INSTRUCTIONS TO FOLLOW –
Only the text of the entries below should be returned, exactly as given, without pictures.

MATERIAL PROVIDED –
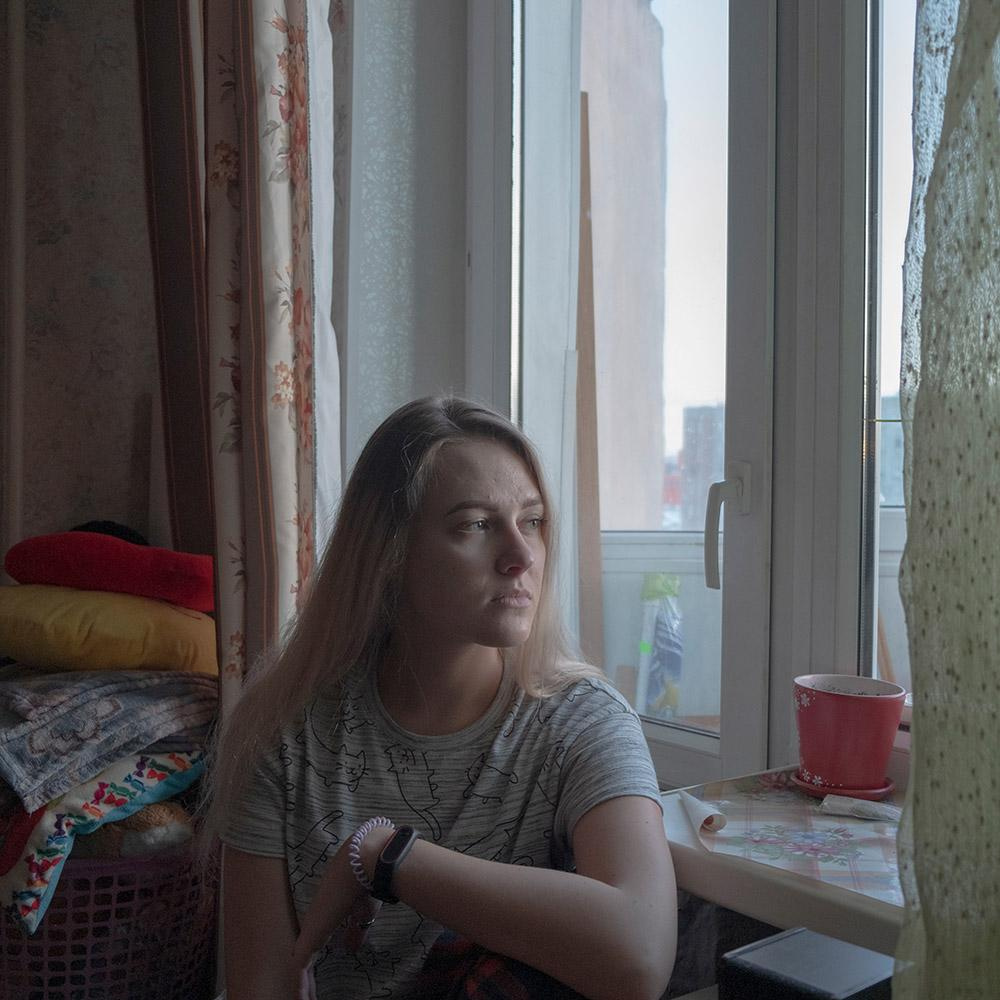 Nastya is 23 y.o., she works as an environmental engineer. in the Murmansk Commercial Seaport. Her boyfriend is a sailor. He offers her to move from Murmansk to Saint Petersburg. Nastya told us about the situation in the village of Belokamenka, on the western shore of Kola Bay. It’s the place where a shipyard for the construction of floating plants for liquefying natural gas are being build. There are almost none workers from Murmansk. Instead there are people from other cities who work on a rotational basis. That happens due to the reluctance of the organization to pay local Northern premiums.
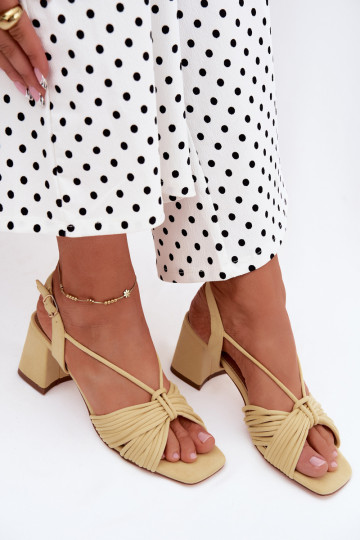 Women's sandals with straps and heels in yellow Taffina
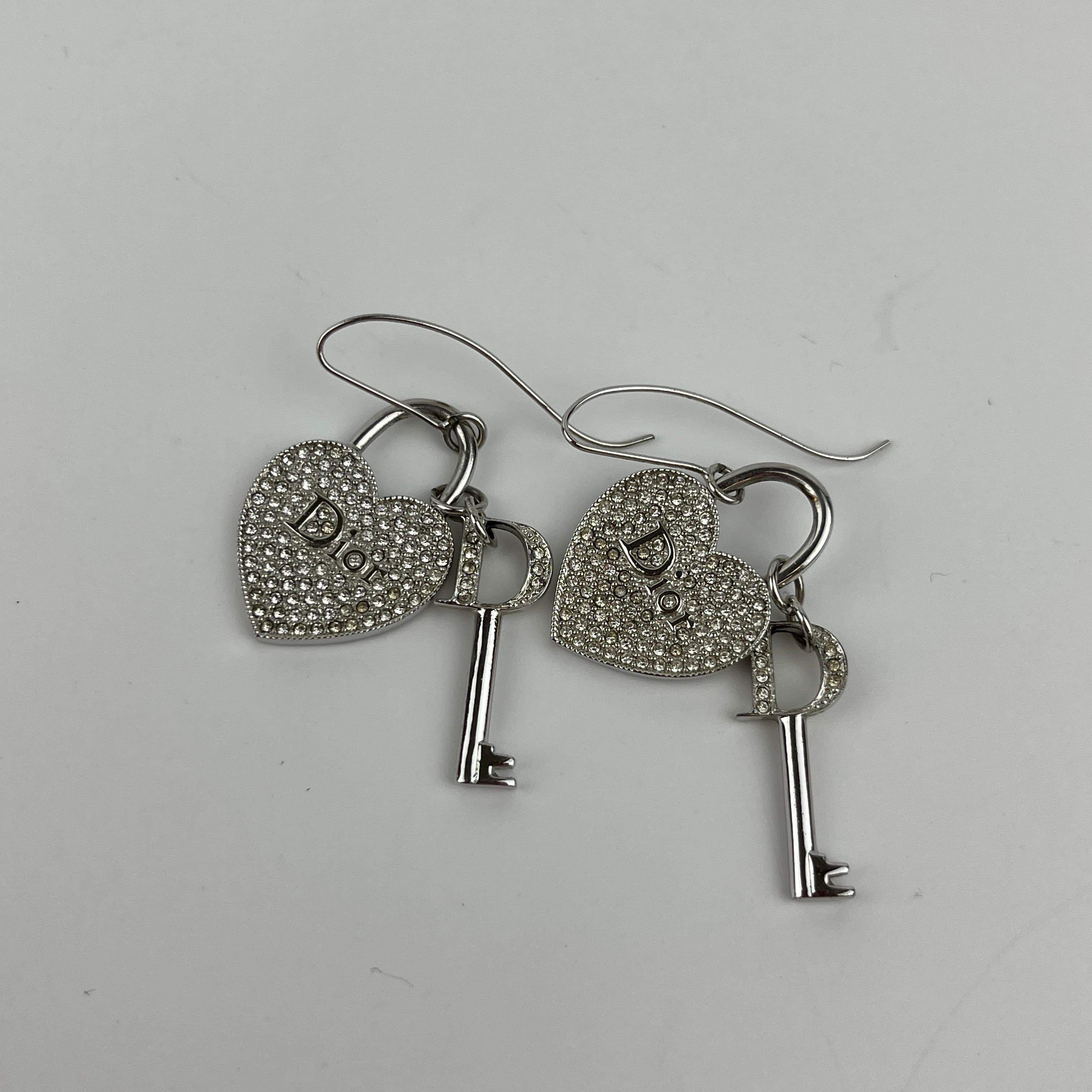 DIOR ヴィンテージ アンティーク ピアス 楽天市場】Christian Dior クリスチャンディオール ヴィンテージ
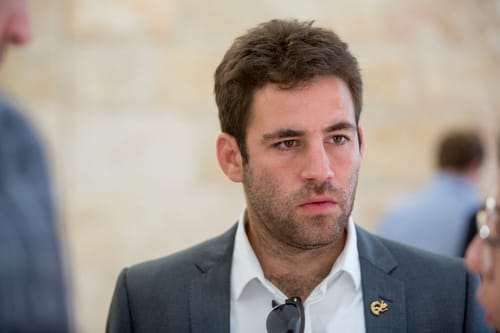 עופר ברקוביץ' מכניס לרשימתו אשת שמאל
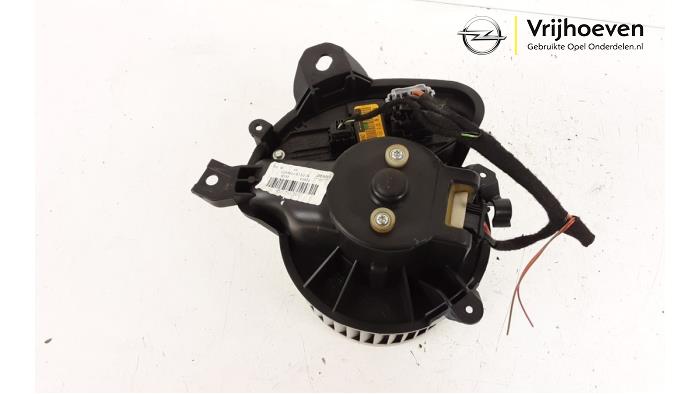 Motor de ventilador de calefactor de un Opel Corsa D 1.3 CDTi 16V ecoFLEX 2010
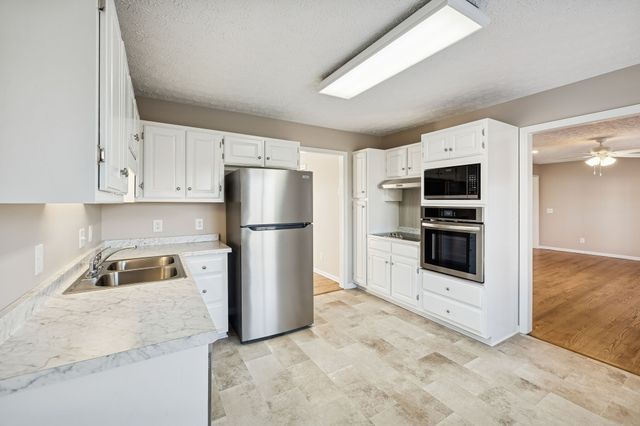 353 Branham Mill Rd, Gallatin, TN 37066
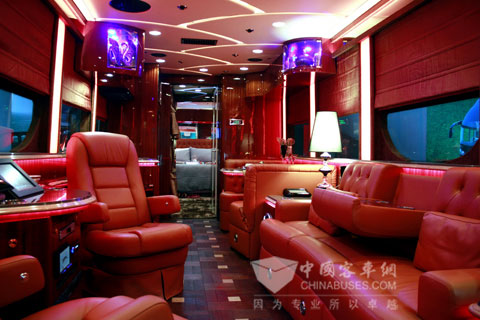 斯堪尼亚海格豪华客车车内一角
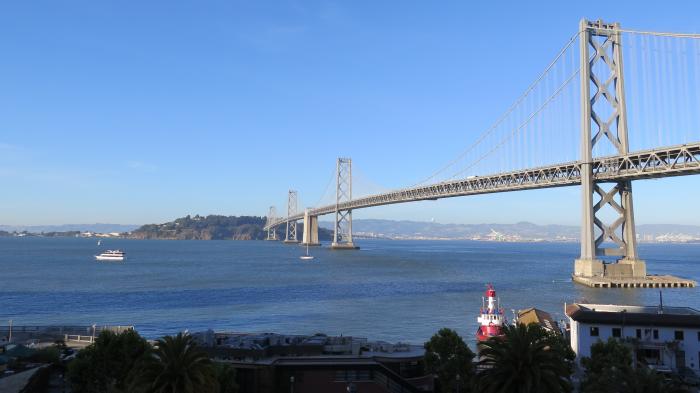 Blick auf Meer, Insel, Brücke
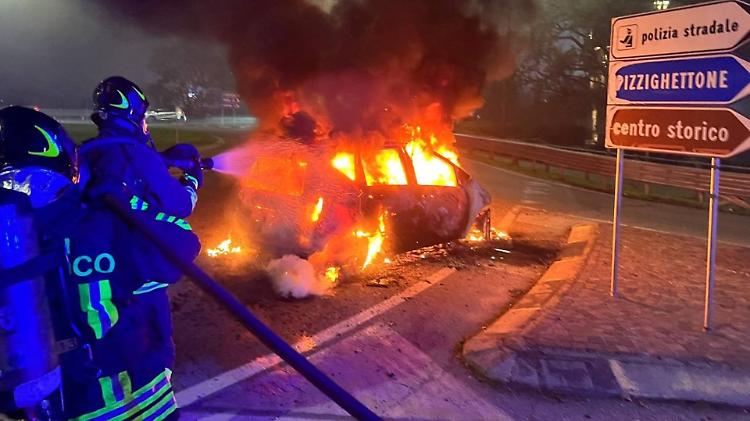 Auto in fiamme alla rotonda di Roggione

TASK ANSWER –
 Nastya is 23 y.o., she works as an environmental engineer. in the Murmansk Commercial Seaport. Her boyfriend is a sailor. He offers her to move from Murmansk to Saint Petersburg. Nastya told us about the situation in the village of Belokamenka, on the western shore of Kola Bay. It’s the place where a shipyard for the construction of floating plants for liquefying natural gas are being build. There are almost none workers from Murmansk. Instead there are people from other cities who work on a rotational basis. That happens due to the reluctance of the organization to pay local Northern premiums.
 Women's sandals with straps and heels in yellow Taffina
 DIOR ヴィンテージ アンティーク ピアス 楽天市場】Christian Dior クリスチャンディオール ヴィンテージ
 עופר ברקוביץ' מכניס לרשימתו אשת שמאל
 Motor de ventilador de calefactor de un Opel Corsa D 1.3 CDTi 16V ecoFLEX 2010
 353 Branham Mill Rd, Gallatin, TN 37066
 斯堪尼亚海格豪华客车车内一角
 Blick auf Meer, Insel, Brücke
 Auto in fiamme alla rotonda di Roggione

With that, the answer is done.